§ TASK ITEM:
Your copy should match the records exactly, except that it contains no pictures.

§ MATERIAL SHOWN:
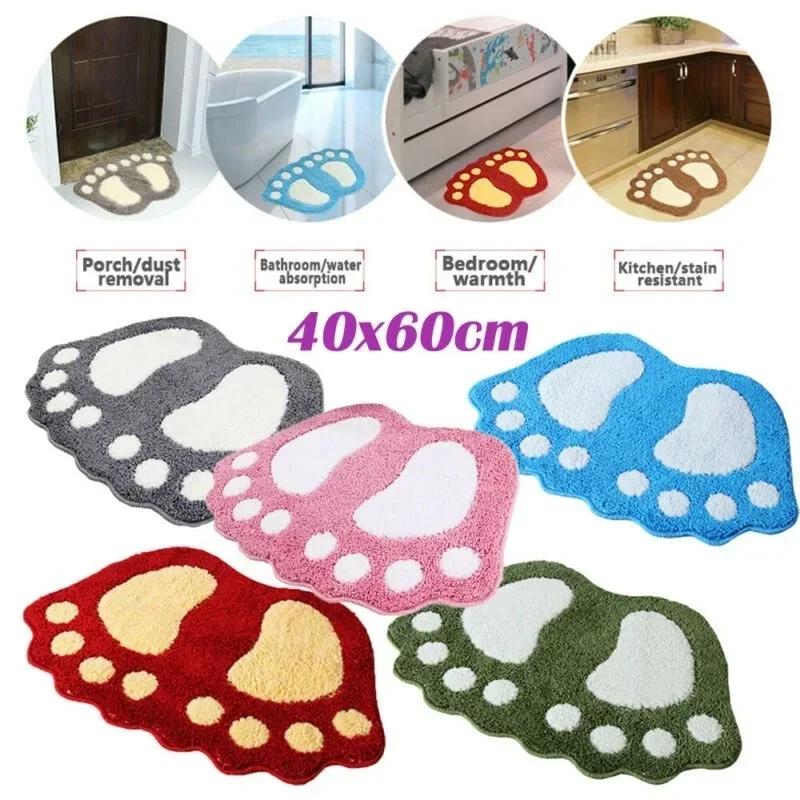 Cute Footprints Big Feet Bath Mats Pads Cartoon Style Toilet Non-slip Rug for Bathroom Carpet Floor Super Absorbent Mat Foot Rug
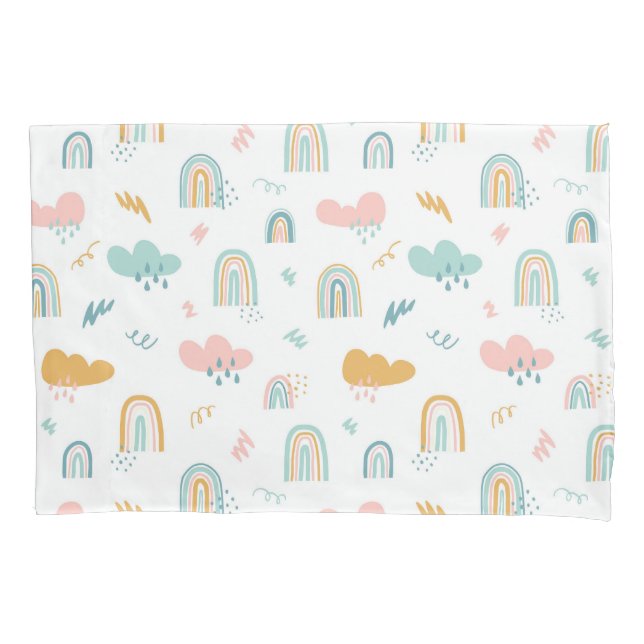Fun Rainbow & Rain Cloud Pattern Pillow Case (Front)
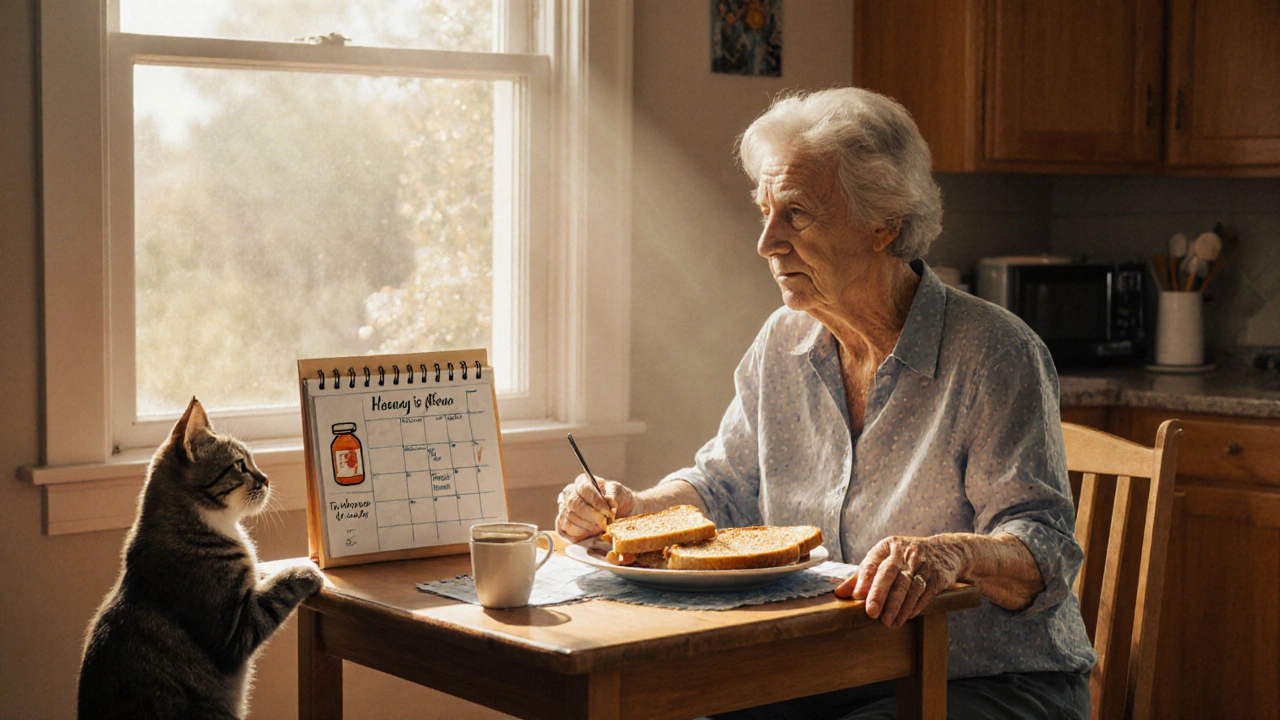 An elderly woman feels dizzy at her kitchen table in the morning, breakfast untouched beside her.
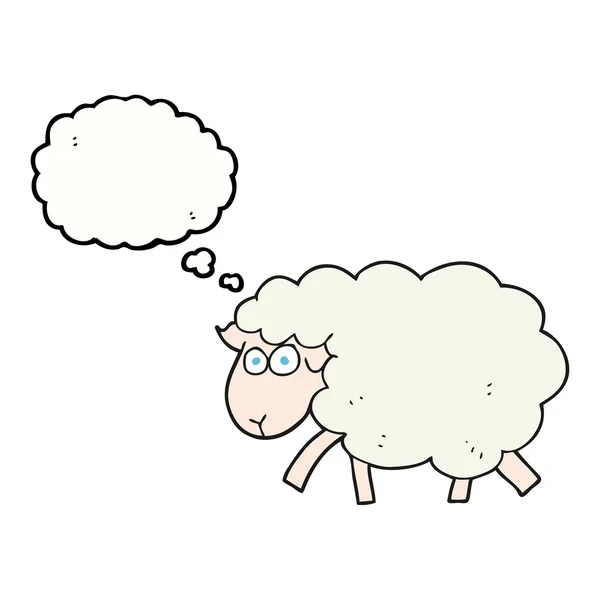 Thought bubble cartoon sheep — Stock Vector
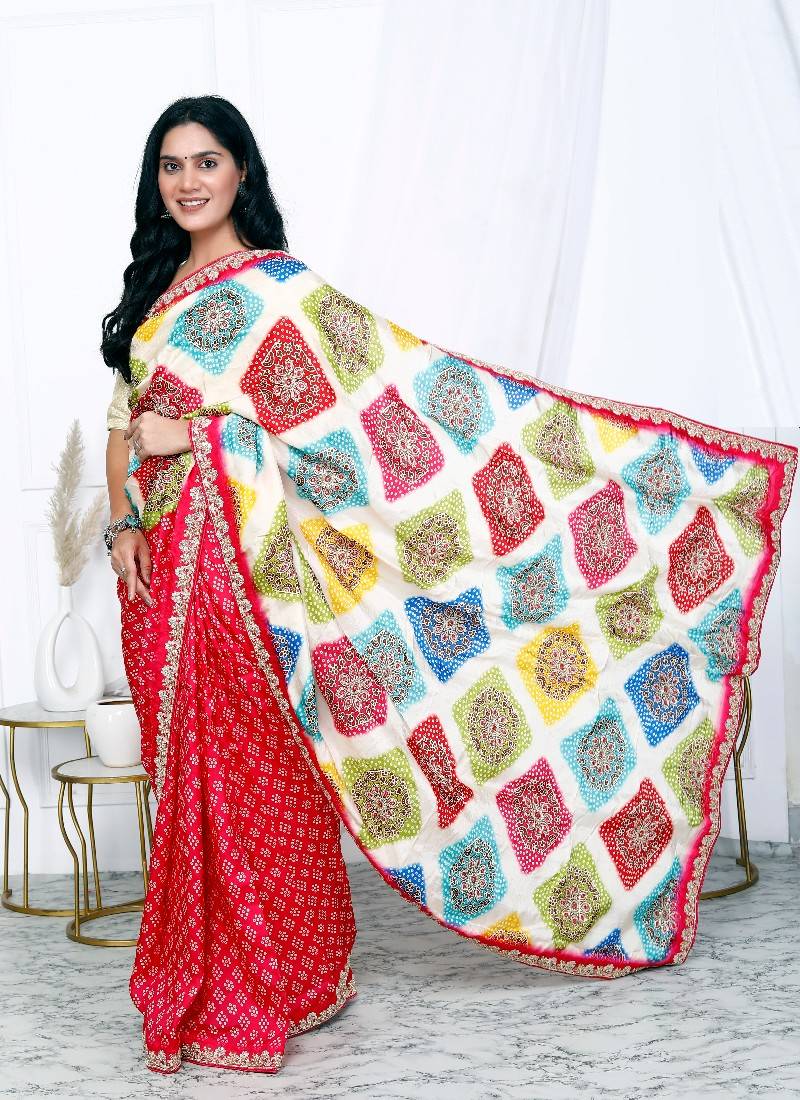 Multicolor bandhani printed silk blend saree for women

§ SOLUTION FOR THIS TASK:
 Cute Footprints Big Feet Bath Mats Pads Cartoon Style Toilet Non-slip Rug for Bathroom Carpet Floor Super Absorbent Mat Foot Rug
Fun Rainbow & Rain Cloud Pattern Pillow Case (Front)
 An elderly woman feels dizzy at her kitchen table in the morning, breakfast untouched beside her.
 Thought bubble cartoon sheep — Stock Vector
 Multicolor bandhani printed silk blend saree for women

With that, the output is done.